At the same time, 18 U.S.C. § 1512(a)(2)(A) specifically prohibits a person from threatening physical force against a person with intent to "influence, delay, or prevent the testimony of any person in an official proceeding." The existence of an "official proceeding" thereby distinguishes a crime punishable under 18 U.S.C. § 1512(a)(2)(A) from one committed in violation of 18 U.S.C. § 1512(a)(2)(C), which prohibits a person from engaging in the same conduct with the intent to "hinder . . . or prevent the communication to a law enforcement officer or Judge of the United States of information relating to the commission or possible commission of a Federal offense. . . ." 18 U.S.C. § 1512(a)(2)(C).
At oral argument on its Objections, the Government indicated that there is no "official proceeding" pending or underway, despite the fact that over nine months have elapsed since Defendant's Indictment. Rather, the prosecutor noted that "the threats that are alleged to be made by the [D]efendant in this case were broad enough to encompass any official future proceedings." (Solovey Trans., 7/08/05). In the view of this Court, the Indictment herein, which charges Defendant with threatening an unidentified person in an attempt to influence his or her testimony in a completely theoretical "official proceeding," cannot be valid without more.
At oral argument, the prosecutor confirmed that the case pending against Defendant in the Eastern District of California is not the "official proceeding" referred to in the subject Indictment. The California case is the only proceeding involving Defendant of which this Court is aware. (Solovey Trans., 7/08/05).

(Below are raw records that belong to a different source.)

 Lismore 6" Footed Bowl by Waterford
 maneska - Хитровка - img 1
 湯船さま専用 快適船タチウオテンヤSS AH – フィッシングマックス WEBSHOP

As of this writing, the transcript of the proceedings on July 8, 2005, are not yet finalized. As such, this Court cannot provide page numbers.
Other courts have held that when a defendant is charged with witness tampering, e.g., with obstructing an official proceeding, or influencing a witness' testimony in an official proceeding, the failure to adequately identify the official proceeding renders the indictment deficient. See United States v. Murphy, 762 F.2d 1151, 1155 (1st Cir. 1985) (holding that an indictment which merely parroted the statute in charging defendants with threatening witness on a particular date in an effort to influence his testimony, without identifying the proceeding in which defendants were trying to influence the witness' testimony, did not adequately inform defendants of the charges against them and constituted plain error); see also United States v. Trie, 21 F. Supp. 2d 7 (D.D.C. 1998) (reasoning that the indictment failed to adequately describe the official proceeding that was obstructed and ordering the government to provide a bill of particulars on this issue); see also United States v. Royal Caribbean Cruises, Ltd., 24 F. Supp. 2d 155 (D.P.R. 1997) (mandating that the government notify the defendants of the specific proceeding that was obstructed). In the instant case, it is the overall ambiguity of the Indictment and its failure to set forth any essential facts with sufficient particularity that renders it invalid.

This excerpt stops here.